[Fix] Implement lock to ensure FCFS of requests to same model #549

CharlieFRuan · 2024-08-14T06:05:09Z

A model cannot handle > 1 concurrent request (e.g. >1 calls to chat.completions.create()) since we do not support continuous batching, and each request requires its own resources such as the KV cache. (Though "concurrent" requests to different models in the same engine is supported)

As a result, as pointed out in #522, when users try something like the following code:

const engine = await CreateMLCEngine("Phi-3-mini-4k-instruct-q4f16_1-MLC")
async function sendRequest() {
  const reply = await engine.chat.completions.create({
    messages: [{ role: "user", content: "Hello!" }],
    max_tokens: 64,
  });
  console.log(reply.choices[0].message.content);
}
await Promise.all([sendRequest(), sendRequest()]);

the model's state and the generation result are messed up.

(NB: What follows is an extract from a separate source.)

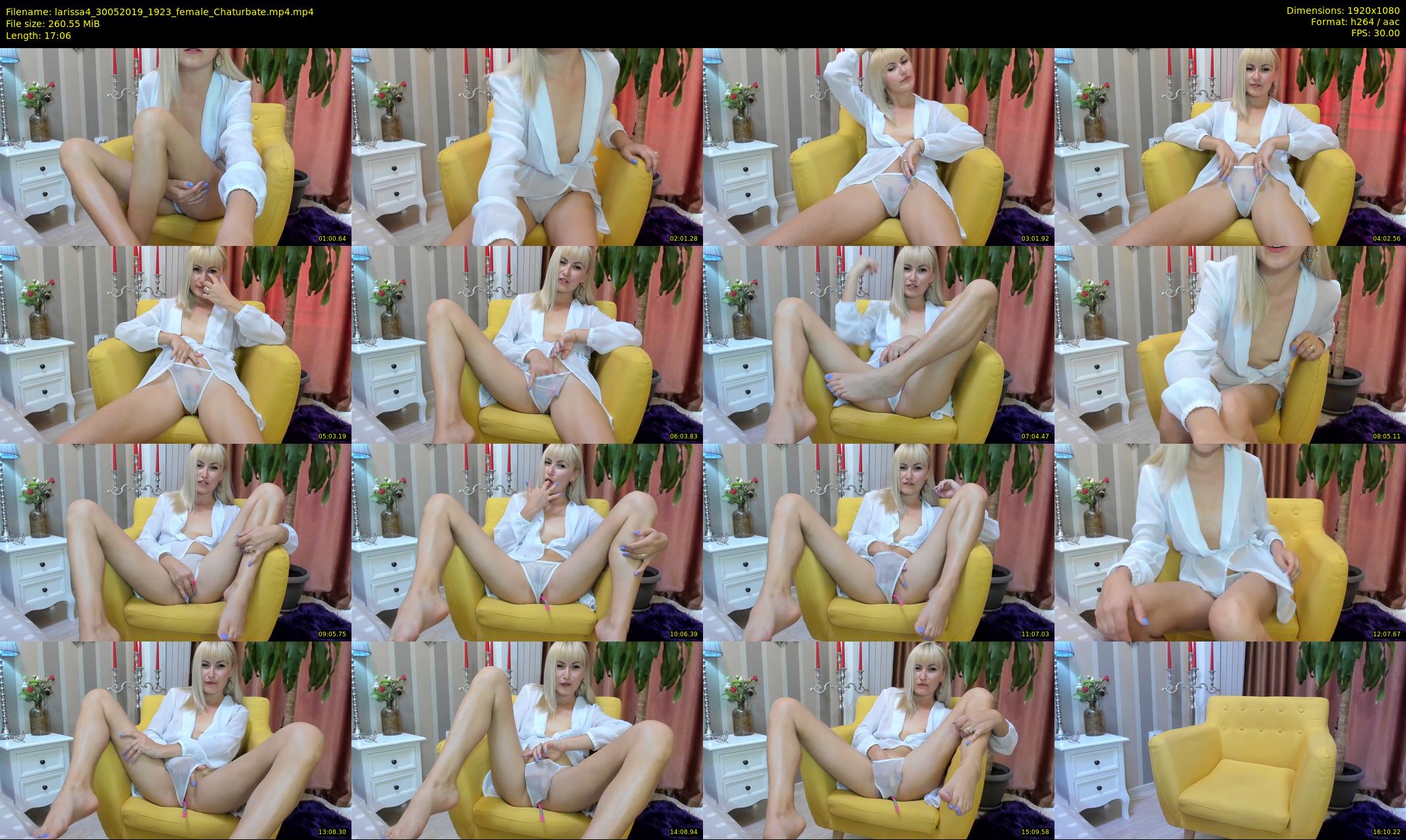 larissa4 — 18 minute Chaturbate female cam show recording, 1080p, May 30, 2019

To resolve this, we implement CustomLock using Promise, maintaining a queue to ensure FCFS for incoming requests to a model, such that for a single model, a request only starts when all previous requests are finished. The code above now works.

Implementation Details

We add loadedModelIdToLock to MLCEngine, maintaining a lock for each loaded engine
- Reminder: the need for a critical section is only per model, since each loaded model has its own LLMChatPipeline / EmbeddingPipeline
loadedModelIdToLock is cleared in unload(), set in reloadInternal()
We acquire lock at the very beginning of completion(), chatCompletion() and embedding(), after knowing which model this current call will use
We release lock at the end of embedding(), completion() and chatCompletion() (for non-streaming cases), and asyncGenerate() (for streaming cases)
Since we also want to release the lock when errors occur, we wrap the code with a big try finally
Since asyncGenerate() is an async generator, we add try catch fine-grainedly, only in places that can throw errors
- This makes the code less readable, but not sure if there is a better solution.
For WebWorkerMLCEngine, no special handling is needed, since the WebWorkerMLCEngineHandler calls the underlying engine's APIs (e.g. chatCompletion()), which will block

Tested

Tested CustomLock implementation with unit test (implementation follows this blog post)
Above example now works
[get-started, get-started-web-worker] x [streaming, non-streaming] x [concurrent requests, single request]
examples/simple-chat-ts
examples/multi-models
WebLLMChat (with generation interrupts, manual termination of service worker)
- Opening two tabs WebLLMChat, sending concurrent request, the latter request will wait for the previous one to finish (prior to this PR, garbage output will be generated just like the above simple example, since the two WebLLMChat shares the same service worker, hence the same engine).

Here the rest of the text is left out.